According to Konnikova, it was Holmes’ ability to stay open to his perceptions of what was happening around him without prejudice that helped him pick up on clues that others missed and use those to solve his cases. Anyone can learn how to think like Holmes, she writes, allowing us to make better decisions and come up with more creative solutions to problems we may encounter in life.

Too often we are blind to the biases in the way our brain functions, and that colors our perceptions. For example, most of us are victims of the so-called “correspondence bias”—in which we form opinions about something or someone early on and then look for evidence to support it—often ignoring contradictory data. So, if we hear that Suzy is seducing her boss, and then later have that rumor contradicted, we may still associate her with seduction and regard her unfavorably.

We also tend to let our intuition run the show when it comes to making decisions, even when our intuitions are totally erroneous. Konnikova illustrates this with a funny story of how, when in a position to judge speakers at conference, she found herself fighting an urge to award top prizes to speakers with British accents, just because the accents made their contributions sound “smarter.”

“Our intuitions are powerful even when entirely inaccurate,” she writes. “And so it is essential to ask, when in the grip of a profound intuition…on what is my intuition based?” This kind of pause and reflection before judging can help one stay open to information and make better decision, she argues.

Holmes—like many scientists—possessed a natural skepticism, which allowed him to constantly question his own assumptions and catch himself at brain biases like these. To think more like Holmes, Konnikova argues, you need to both know yourself and your biases, and then practice the art of mindful observation. Motivation is important too, though, because to change your brain takes insight and practice…and lots of it.

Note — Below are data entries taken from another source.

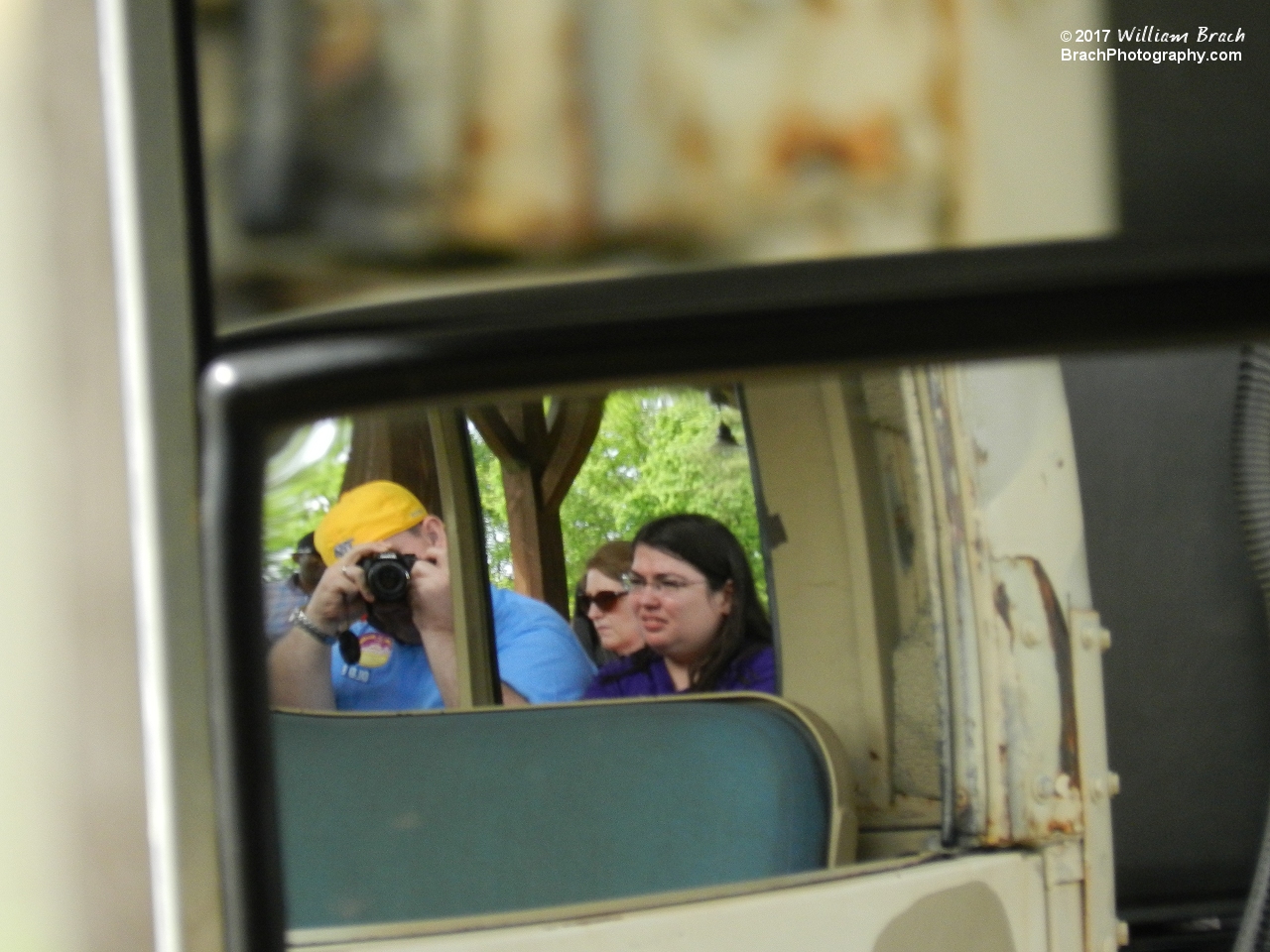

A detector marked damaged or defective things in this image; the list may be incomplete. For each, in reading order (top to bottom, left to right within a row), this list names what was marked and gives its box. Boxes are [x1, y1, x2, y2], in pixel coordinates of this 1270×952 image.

rust spot on metal [767, 111, 899, 182]
rust spot on metal [990, 586, 1010, 637]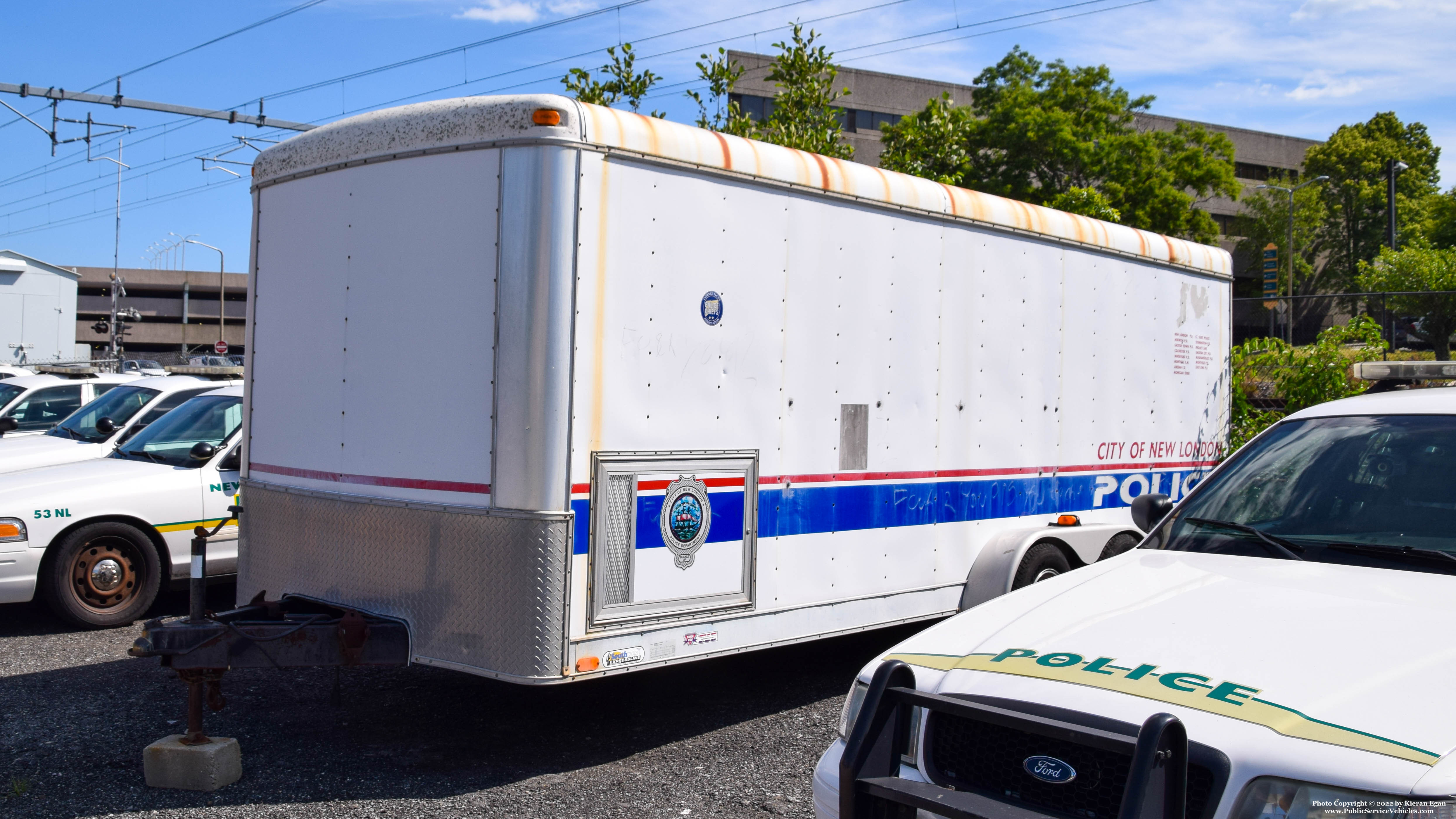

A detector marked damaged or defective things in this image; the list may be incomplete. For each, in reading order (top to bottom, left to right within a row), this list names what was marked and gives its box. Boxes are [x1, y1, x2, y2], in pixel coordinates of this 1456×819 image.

rusted steel wheel rim [69, 541, 143, 611]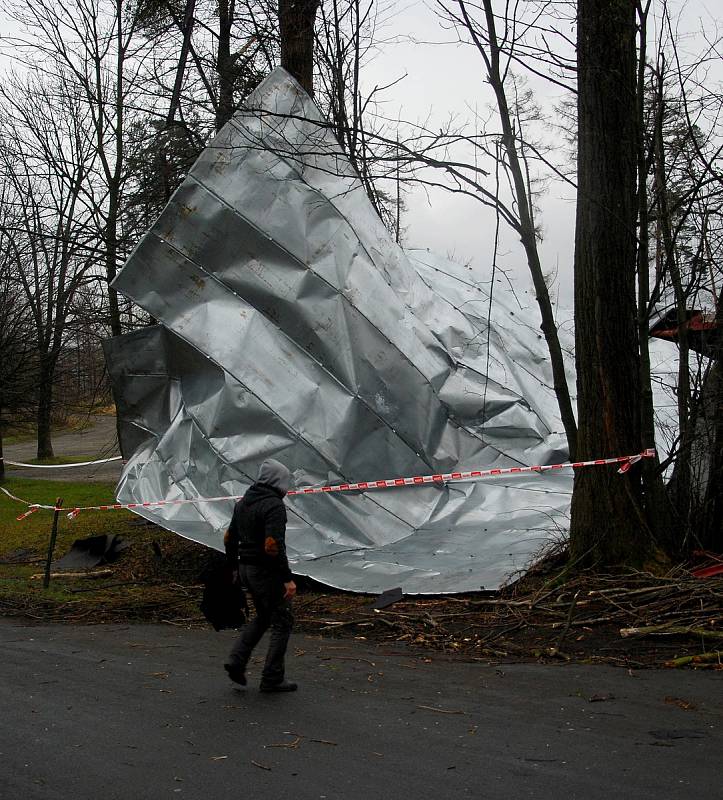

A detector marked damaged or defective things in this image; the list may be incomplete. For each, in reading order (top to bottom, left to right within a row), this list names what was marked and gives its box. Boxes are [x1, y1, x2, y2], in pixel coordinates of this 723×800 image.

damaged roofing material [104, 67, 576, 592]
crumpled metal roof [104, 67, 576, 592]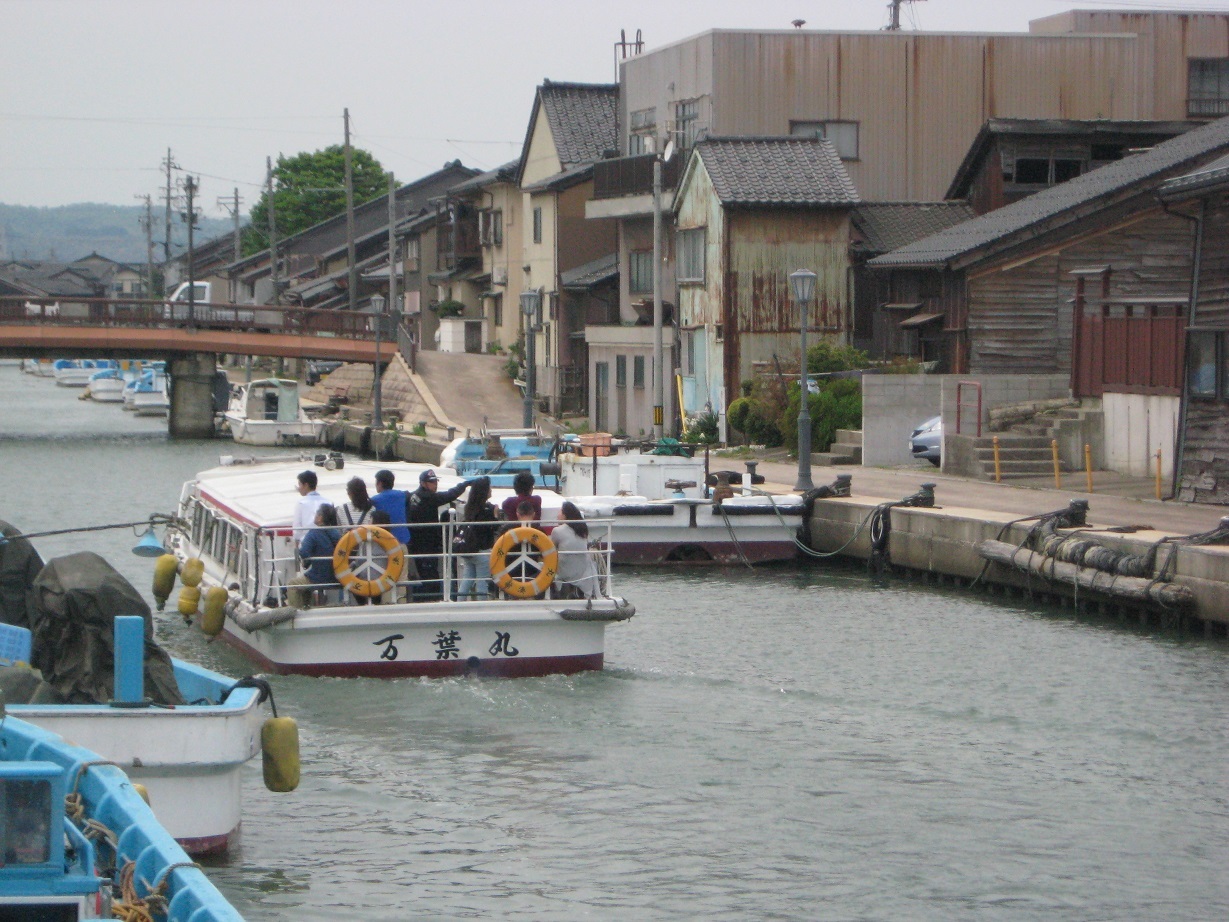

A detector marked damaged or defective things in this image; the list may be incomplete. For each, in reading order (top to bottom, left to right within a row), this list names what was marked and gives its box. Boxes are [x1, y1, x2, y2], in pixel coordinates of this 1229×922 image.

rusty metal siding [722, 208, 850, 383]
rusty metal siding [963, 207, 1194, 373]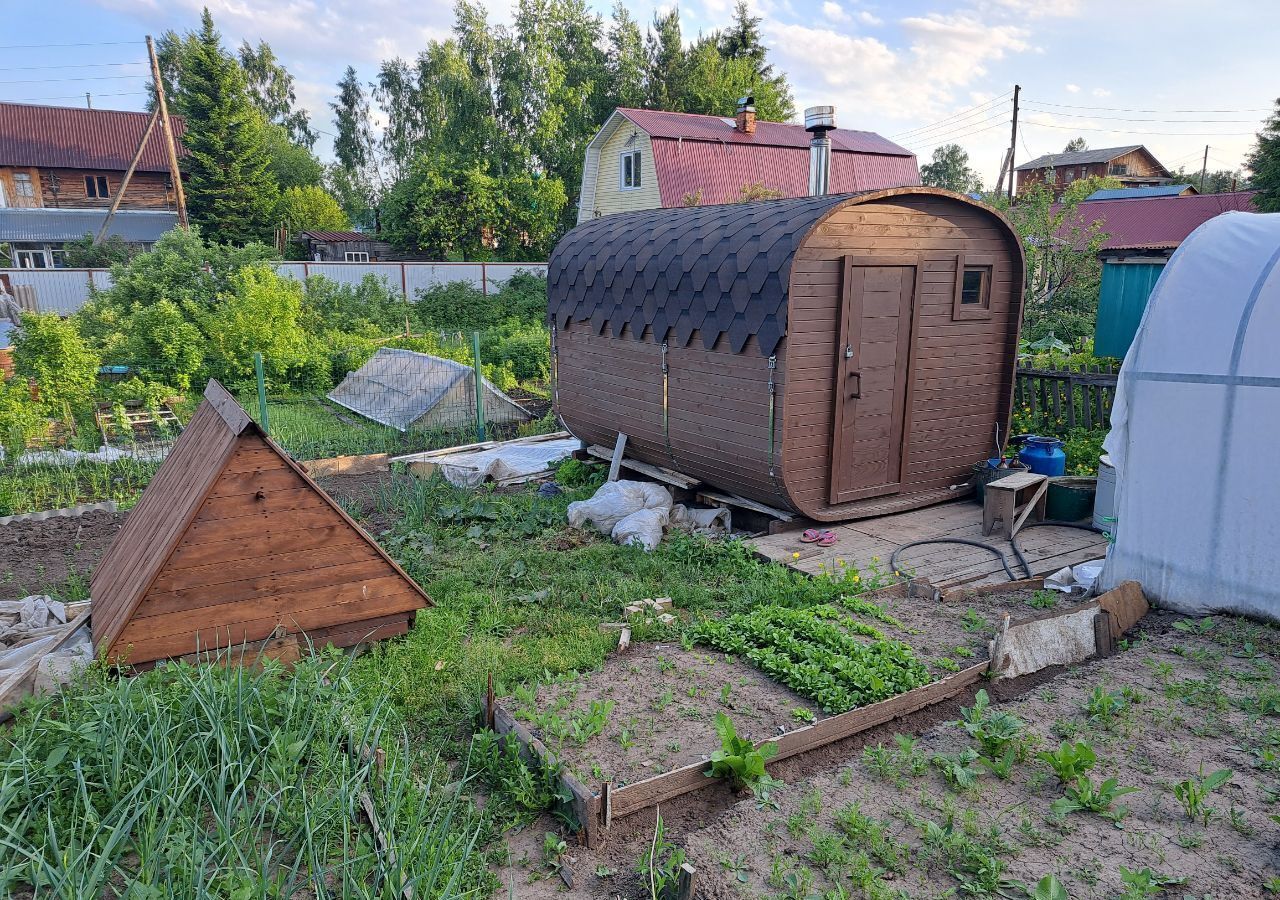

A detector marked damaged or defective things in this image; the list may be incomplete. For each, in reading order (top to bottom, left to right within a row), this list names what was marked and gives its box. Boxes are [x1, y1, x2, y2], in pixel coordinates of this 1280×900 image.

rusty metal roof [0, 101, 186, 172]
wooden house with rust roof [91, 376, 430, 665]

For those interested in how memory works, you may want to pick up the book Pieces of Light: How the New Science of Memory Illuminates the Stories We Tell About Our Pasts, by psychologist Charles Fernyhough. According to Fernybough, our memory has two functions: to remind us of what happened to us—what we saw, heard, tasted, etc.—and to weave a story from that sensory input consistent with our present understanding of ourselves and our place in the world.

Although many of us think of a memory as a fixed thing in the mind—much like a photograph or a video—neurologists have found that memory is fluid, constantly being re-created in our brains each time we recall something. Memory can be embellished or enhanced with each recall—much like a story can change with each retelling. This narrative aspect of memory is what fascinates Fernyhough most, and he mines neuroscience research, personal stories, and literary references to explain how memory functions in our daily lives.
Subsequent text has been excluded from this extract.